It appears that senior figures in biotech are are making incredible fortuitous investment decisions.
By, "Incredible," I mean that their "Luck," or, "Acumen," simply beggars belief:
The case was a bold step for the Securities and Exchange Commission.
In 2021, the agency accused Matthew Panuwat of insider trading. Five years earlier, he had learned that his own company, a biopharma operation called Medivation, was about to get acquired. But instead of buying shares in his employer, he bought options in a competitor whose stock could be expected to rise on the news. The agency says he made $107,000 in illicit profits.
For the first and so far only time, the SEC filed a case that accuses an executive of using secret information from his own company to trade in the stock of a rival. “Biopharmaceutical industry insiders frequently have access to material nonpublic information” that impacts both their company and “other companies in the industry,” Gurbir Grewal, the commission’s director of enforcement, warned in announcing the case. “The SEC is committed to detecting and pursuing illegal trading in all forms.”
One of the cornerstones of the agency’s case against Panuwat is that Medivation had a policy that explicitly barred employees from buying or selling competitors’ stock based on company information not available to ordinary investors.

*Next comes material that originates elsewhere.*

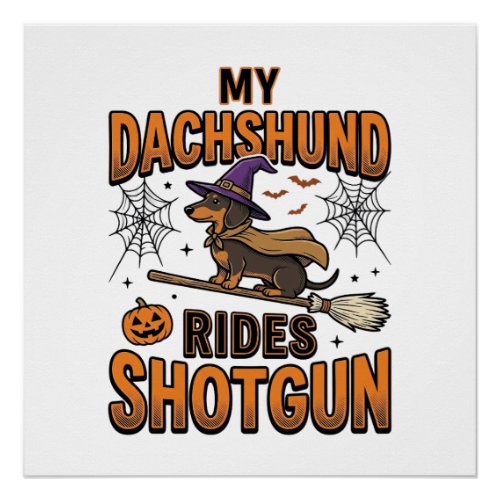 Dachshund Halloween Witch Broom Rides Shotgun Shir Poster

It wasn’t just Panuwat who risked violating Medivation’s policy, a trove of confidential IRS data obtained in recent years by ProPublica shows.

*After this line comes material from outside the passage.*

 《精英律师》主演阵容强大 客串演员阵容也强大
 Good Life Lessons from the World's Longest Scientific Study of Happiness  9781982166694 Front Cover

It was also his then-boss, CEO David Hung.
………
Earlier this year, ProPublica revealed that some executives with access to nonpublic industry information had made remarkably well-timed transactions in the securities of their direct competitors and partner companies. Securities law experts said many of the trades, which in some instances rapidly delivered millions of dollars in profit, warranted examination by regulators. The transactions ranged across sectors: from energy to toys, paper products to mortgage servicers.
………
Among the notable examples:
The chairman of a biotech company bought shares in a corporate partner just as the partner was reaching the final stages of secret negotiations to be purchased.

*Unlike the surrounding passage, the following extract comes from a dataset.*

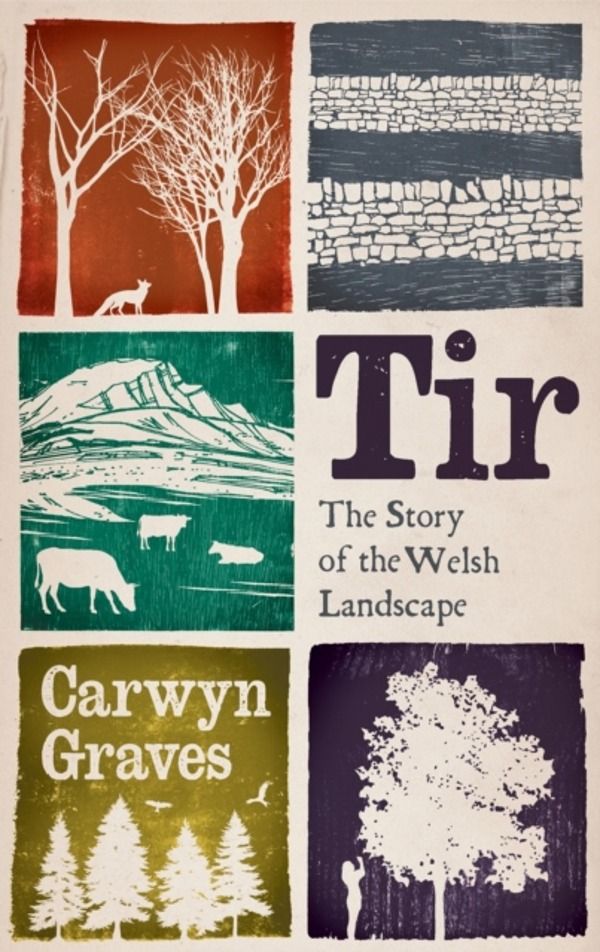 Tir - The Story of the Welsh Landscape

The chairman of a bone health company made aggressive bets on a medical technology firm run by an adviser to his board just before its sales took off, netting him $29 million in a series of options trades.
A wealthy investor with ties to a niche area of cancer research personally traded, for the first time ever, in a company in that sector just before it was taken over. He bought high-risk options that earned him a quick $1 million in profit.
First, major props to Pro Publica for engaging in tedious shoe leather reporting. Everyone else seems to be doing access journalism.
Second, this sort of behavior really needs to be made a priority for criminal investigations by federal law enforcement.
Putting these people in gaol (it's a jail, but more medieval) will create a deterrent to future wrongdoing.